**YOUR GOAL**
The copy must match the data below line for line and contain no images.

── GIVEN INFORMATION

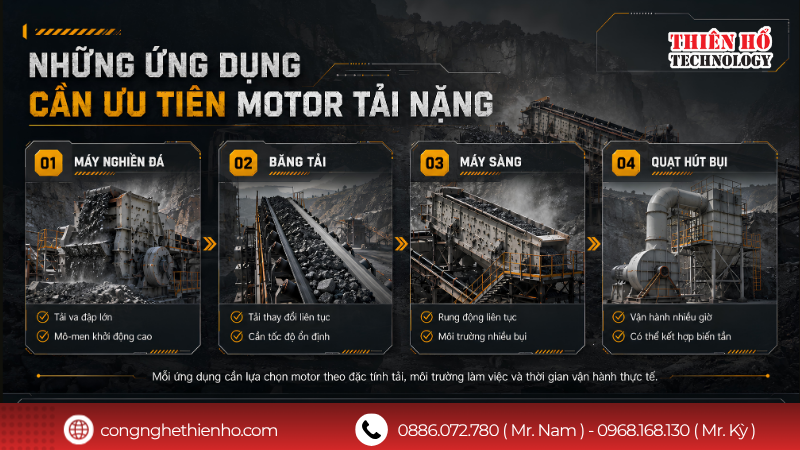 Những ứng dụng cần ưu tiên motor cho ngành khai thác đá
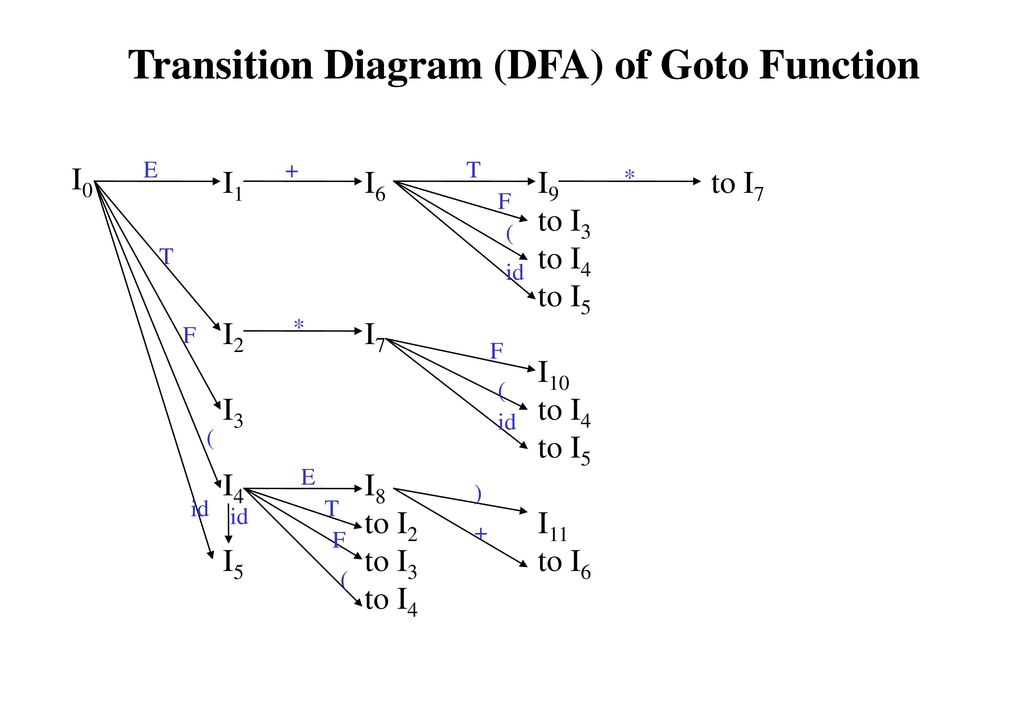 Transition Diagram (DFA) of Goto Function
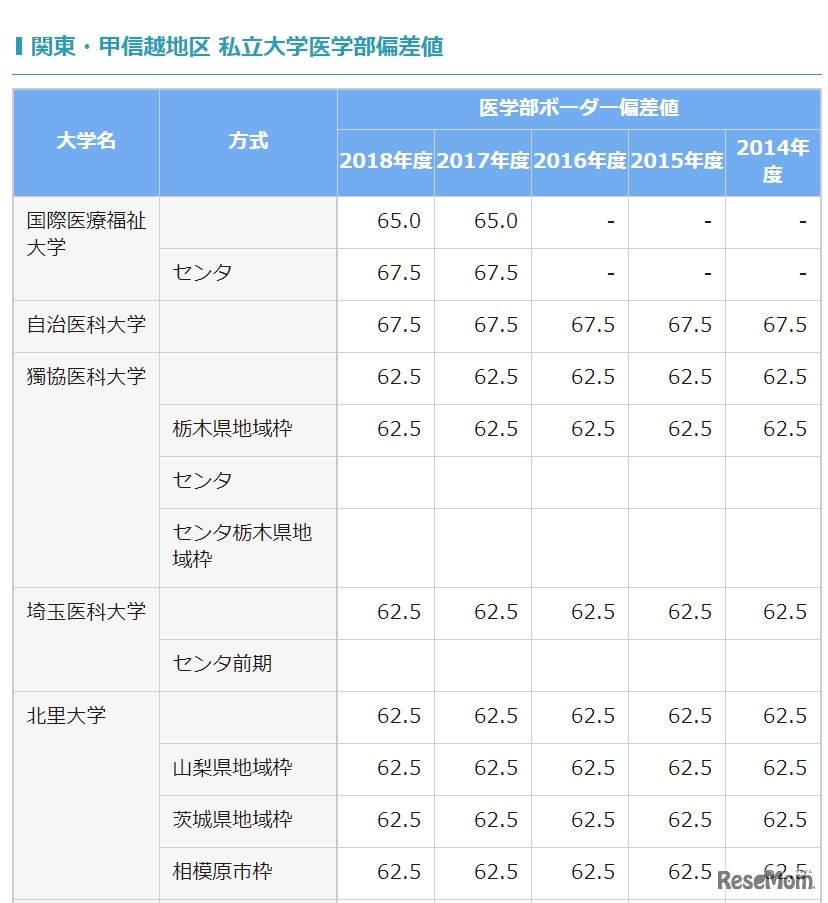 関東・甲信越地区 私立大学医学部偏差値（一部）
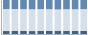 Grafico struttura della popolazione Comune di Solero (AL)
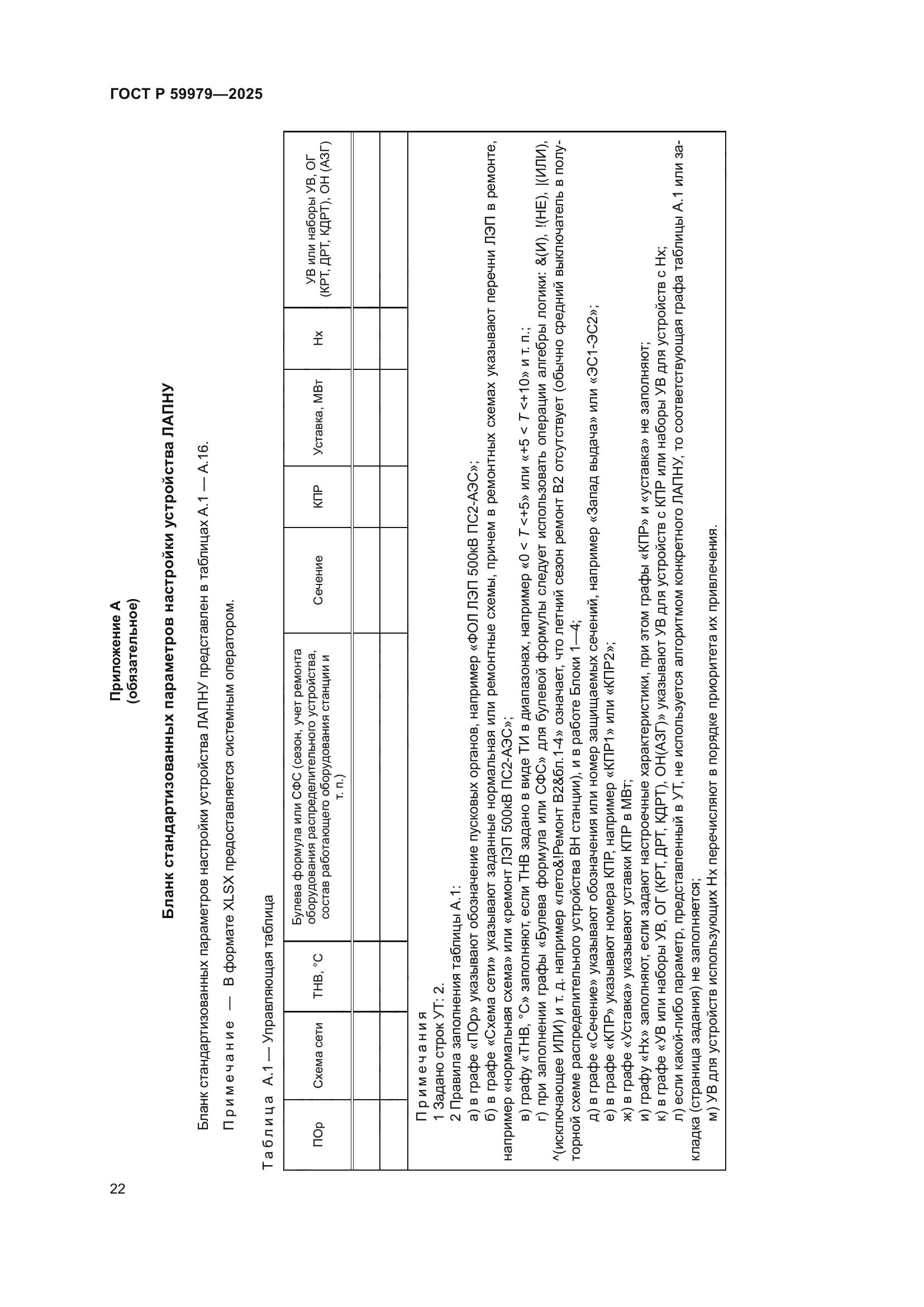 ГОСТ Р 59979-2025
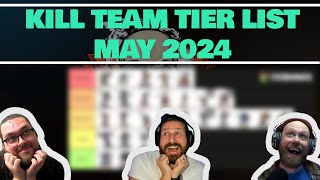 Kill Team Tier List! - May 2024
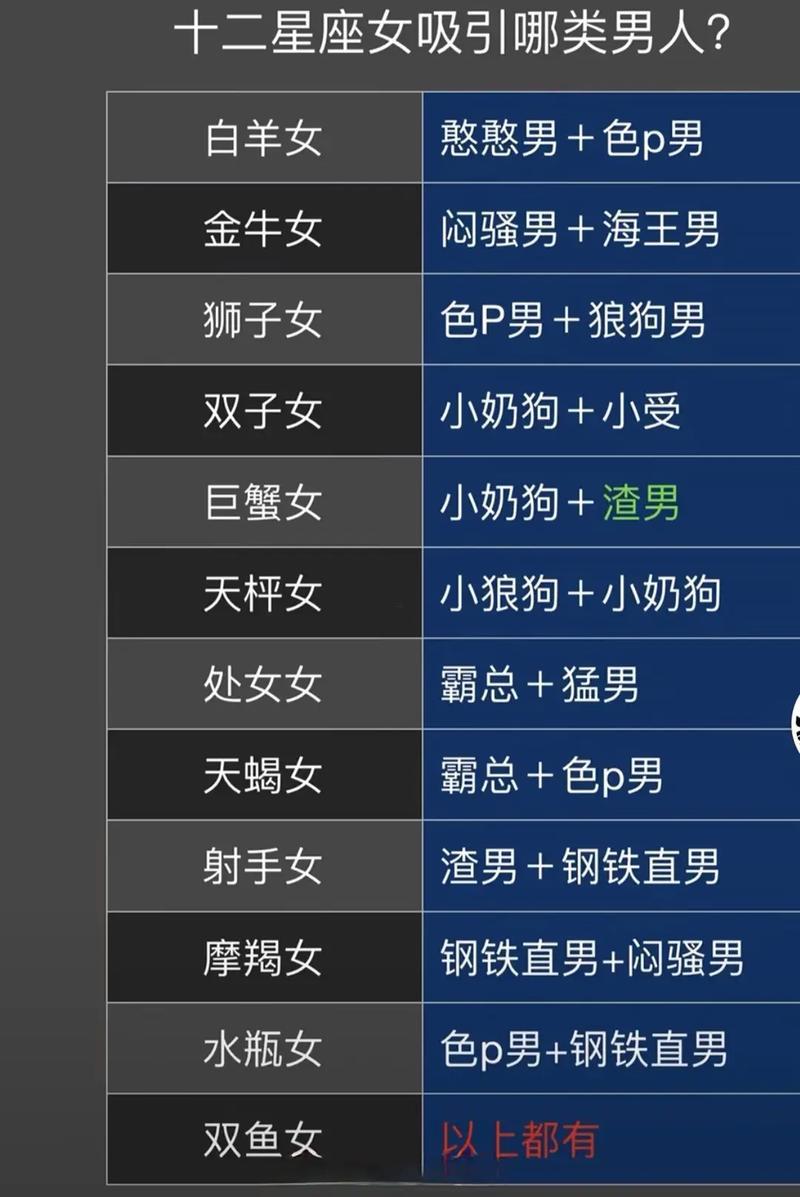 星座占卜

────

**ANSWER BOX**
 Những ứng dụng cần ưu tiên motor cho ngành khai thác đá
 Transition Diagram (DFA) of Goto Function
 関東・甲信越地区 私立大学医学部偏差値（一部）
 Grafico struttura della popolazione Comune di Solero (AL)
 ГОСТ Р 59979-2025
 Kill Team Tier List! - May 2024
 星座占卜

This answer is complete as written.